And sci-fi buffs can pay their respects at the shrine to Ianto Jones, a character from the Doctor Who spin-off series Torchwood, which was filmed locally. While you’re in Mermaid Bay, be sure to stop off at the Fabulous Welshcakes store, where the eponymous treats can be bought hot off the griddle in a variety of flavours.
Across the bay on a promontory, El Puerto is a fish restaurant that has long been a family favourite of ours. Steaks of hake and tuna wait appetisingly on ice in the counter for you to choose.
What better way to spend a leisurely lunch than cracking into the crusty armour of a sea bream baked in salt and watching the sun glint off the Millennium Centre over the water as you eat?
The Wales Millennium Centre (Photo: Crown copyright 2023 Cymru Wales)
And if you want to walk off your meal, you can take a stroll over the barrage with the bay to the left and the Severn Estuary to the right.
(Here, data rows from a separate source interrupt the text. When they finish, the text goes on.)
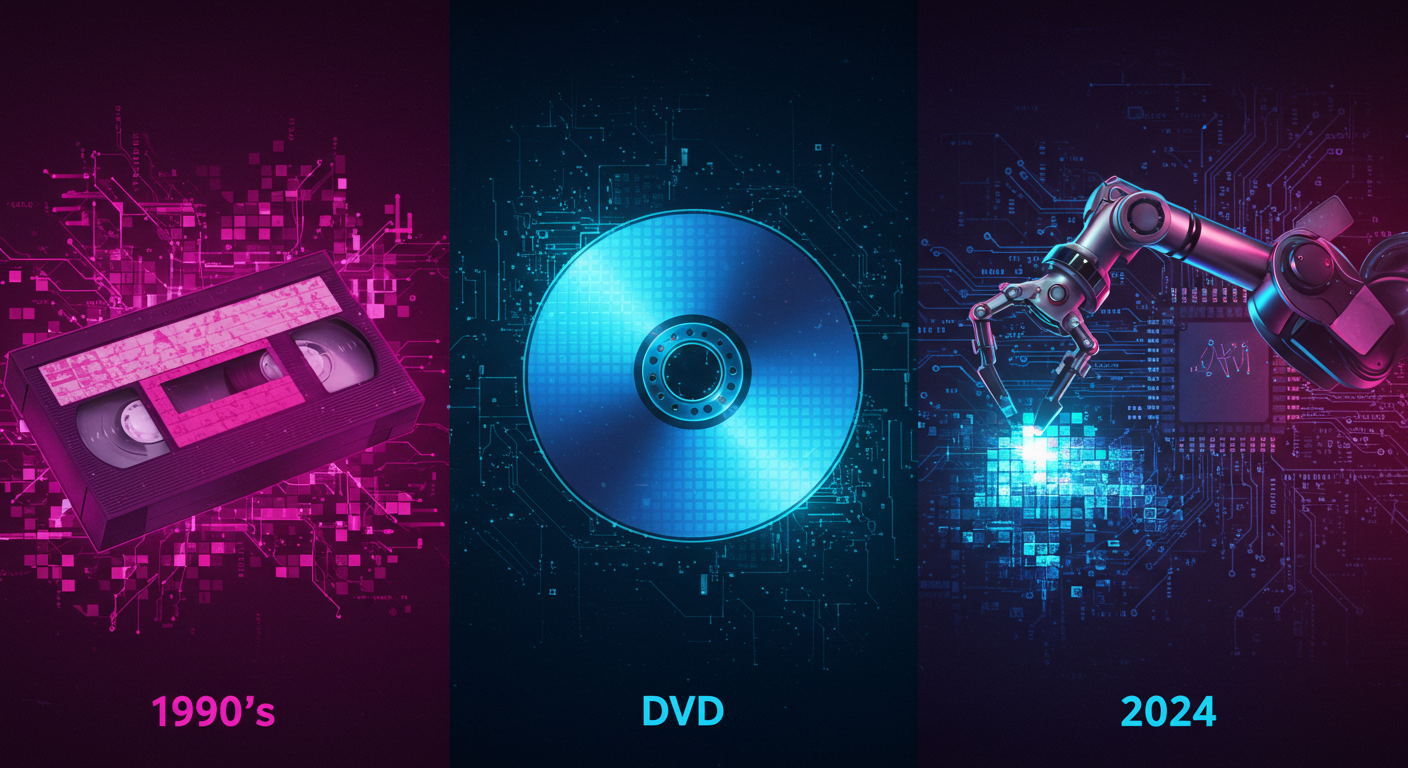 モザイク技術の進化がヤバすぎる！VHS→薄モザイク→AI時代まで30年の驚愕史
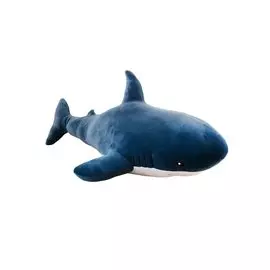 Мягкая игрушка "Акула", синяя, 60 х 35 см
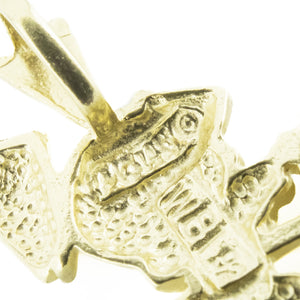 Looney Toons Marvin Pendant in 14K Yellow Gold - 1.6 Grams
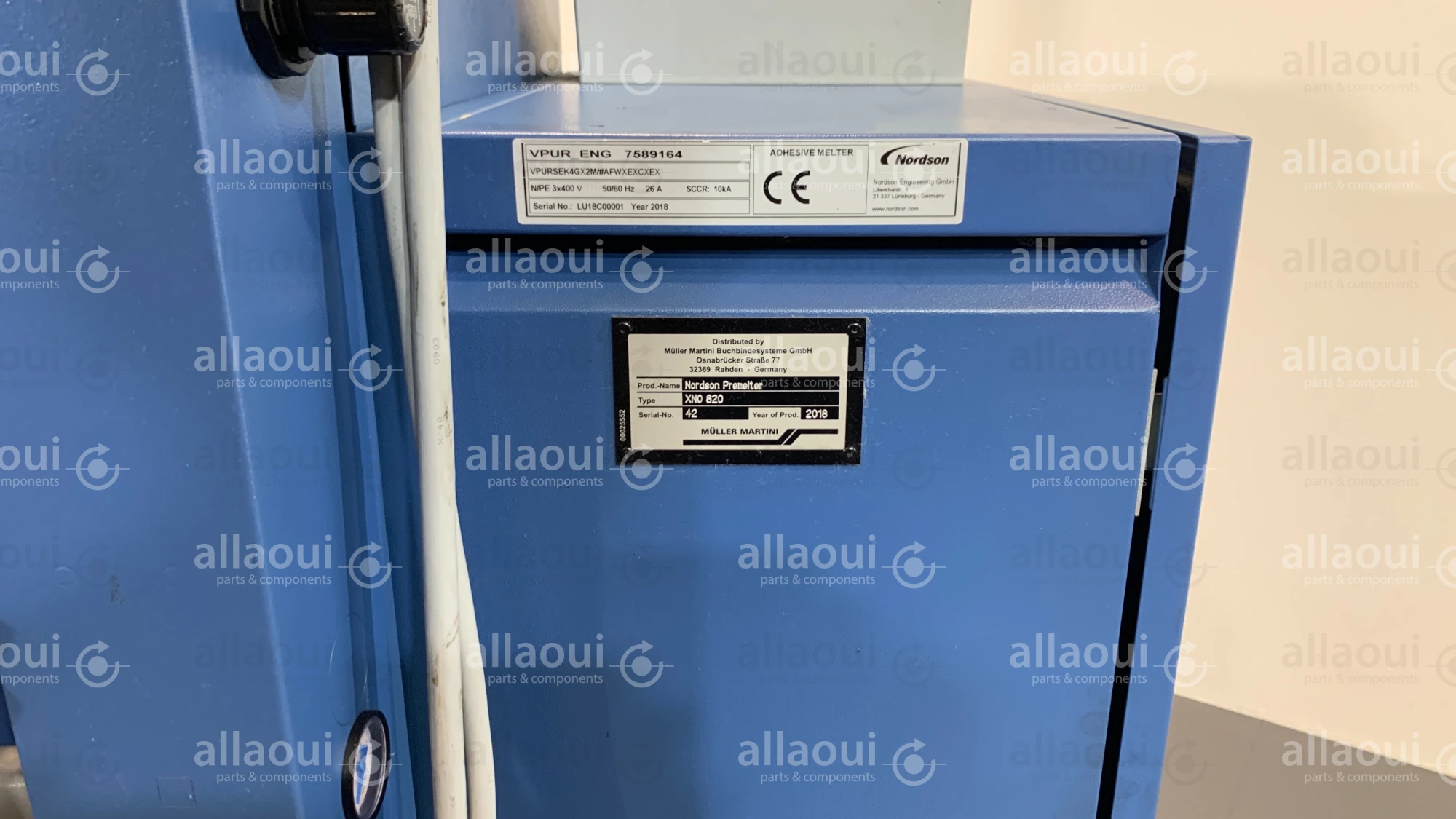 Nordson Premelter PUR Spine Glue XNO 820 Nordson Premelter PUR Spine Glue XNO 820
But after a day on foot, the comfort of our room at the Parkgate, styled in what my wife described as “masculine colours” of blue and brown and furnished cleverly to make the most of the narrow space, was especially welcome.
So was dinner in the hotel’s wood-panelled Sorting Room restaurant, featuring local produce such as whisky-smoked salmon or a mushroom, leek and cheddar pie in a gravy of Welsh ale.
Vegetarians and vegans are generally well catered for; my broad bean and asparagus risotto was appealingly flavoured with vegan cheese and mint, while on the Cwrts Terrace, you can order snacks such as tempura vegetables or sesame cauliflower wings with a Thai dipping sauce. The vegetarian cheese board in the bar also includes a splendid blue from Perl Las in Carmarthenshire.
While you can still buy some kosher food in the city, sadly there are no longer any kosher stores any more. Cardiff’s Jewish population is a fraction of what it was in my childhood, although it still has both an Orthodox and a Reform synagogue.
One of my fondest memories is collecting the eggs for the chicken soup — worth more than any bag of gold — in my cousin’s sawdust-lined butcher’s shop.
But while that Cardiff may be long gone, that’s all the more reason to return and discover the newest attractions. For once, familiarity breeds a desire to see more.
Getting There
Rooms at Parkgate Hotel cost from £94 per night.
Artes Mundi runs from October 20 to February 25, 2024.
Loving Welsh Food City of Arcades tour costs £67.50.